At Sheffield Institute of Education, we have spent many years improving professional development for teachers, changing policy and practice in England, and helping to create new frameworks for career-long training. So far, our work has helped over 10,000 teachers improve their knowledge, skills, and their motivation to keep teaching. 

We’ve shown the importance of continuing professional development (CPD) for teachers. Now, in this new project, we want to explore how CPD is implemented. Because if we don’t get that right, good CPD can be rendered ineffective.

This project is about articulating the implementation of CPD. There is plenty of research about what makes effective CPD, focusing on the mechanisms, qualities and features of CPD that lead to impactful development. But what’s missing is implementation. You can have the best CPD programmes in the world — but if you can’t implement them, nothing happens. Furthermore, the implementation process can actually change the mechanisms of the CPD — those active ingredients that make it work — so that they don’t work any more.

How can implementation affect CPD success?

There are many multi-layered ways in which CPD can be affected by its implementation. Recently we evaluated a project called the Multiplicative Reasoning Project, teaching proportional reasoning in mathematics at Key Stage 3. The CPD followed the recommended approaches, and the curriculum material was research-based. But there was an issue with the engagement and participation of teachers in schools. 

CPD isn’t about giving teachers a lecture — it’s about trying things out in school, experimenting, and changing practice in the classroom. So it needs engagement from the school and from the teacher. But the schools had different levels of money and staffing to manage. Some schools could engage with it and some couldn’t. 

And it’s not just resources. On another CPD project around maths computing in Years 5 and 6, we found the main barrier to engagement among teachers was the SATS. Exam and league table pressures on schools meant that, in these year groups, anything that wasn’t directly linked to improving SATS results fell by the wayside.

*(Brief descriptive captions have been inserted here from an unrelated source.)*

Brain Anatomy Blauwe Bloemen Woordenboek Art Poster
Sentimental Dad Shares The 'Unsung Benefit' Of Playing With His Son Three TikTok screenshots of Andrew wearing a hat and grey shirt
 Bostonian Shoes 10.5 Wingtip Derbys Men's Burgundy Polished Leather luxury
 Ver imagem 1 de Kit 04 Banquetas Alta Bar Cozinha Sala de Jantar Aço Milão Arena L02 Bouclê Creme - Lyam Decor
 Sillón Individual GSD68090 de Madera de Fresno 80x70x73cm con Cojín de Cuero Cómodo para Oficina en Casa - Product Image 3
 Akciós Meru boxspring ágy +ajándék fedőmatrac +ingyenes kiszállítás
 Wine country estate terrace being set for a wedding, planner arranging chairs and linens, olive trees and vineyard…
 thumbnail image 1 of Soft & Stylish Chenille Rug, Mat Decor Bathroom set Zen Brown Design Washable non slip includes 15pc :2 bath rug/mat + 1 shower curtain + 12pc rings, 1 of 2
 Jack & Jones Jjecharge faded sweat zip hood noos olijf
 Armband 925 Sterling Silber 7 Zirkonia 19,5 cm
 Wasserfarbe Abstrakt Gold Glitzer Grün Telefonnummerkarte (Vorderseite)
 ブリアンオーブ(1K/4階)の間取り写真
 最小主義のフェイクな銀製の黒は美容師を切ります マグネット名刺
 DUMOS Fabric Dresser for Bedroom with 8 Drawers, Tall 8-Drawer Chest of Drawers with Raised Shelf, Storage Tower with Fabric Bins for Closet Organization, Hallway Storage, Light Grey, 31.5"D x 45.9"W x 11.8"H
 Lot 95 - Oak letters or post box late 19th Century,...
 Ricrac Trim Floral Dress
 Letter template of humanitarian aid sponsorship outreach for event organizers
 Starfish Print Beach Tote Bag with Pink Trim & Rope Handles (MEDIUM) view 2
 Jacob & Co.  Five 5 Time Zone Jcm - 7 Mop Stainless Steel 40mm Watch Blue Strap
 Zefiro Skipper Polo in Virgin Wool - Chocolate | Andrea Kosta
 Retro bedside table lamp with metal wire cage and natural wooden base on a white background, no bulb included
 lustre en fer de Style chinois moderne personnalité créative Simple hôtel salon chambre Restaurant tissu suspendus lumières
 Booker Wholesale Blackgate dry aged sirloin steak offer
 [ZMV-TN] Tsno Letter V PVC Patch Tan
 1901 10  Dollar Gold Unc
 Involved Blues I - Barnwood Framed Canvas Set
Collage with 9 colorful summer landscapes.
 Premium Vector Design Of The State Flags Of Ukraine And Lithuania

Another large factor in the success of CPD is school leadership. Are professional development leaders being supported by their schools? Are their working conditions allowing them to dedicate enough time to it? Do the school leaders buy into the importance of teacher development?

Our aims

With this project, we want to firstly identify the mechanisms — at policy level and in school environments — that influence the implementation of CPD.  And then we want to develop implementation guidance to support change for sustained, embedded improvement in teachers’ CPD in England.

We’re not looking for a one-size-fits-all solution. We want to develop tools for practitioners to make choices that are right for their own circumstances. And we want to understand how to change a school environment to make it more likely for CPD to happen. 

We’re building on previous research to determine what we need to do on a national and international level, to ensure that teachers participate in the professional development they deserve.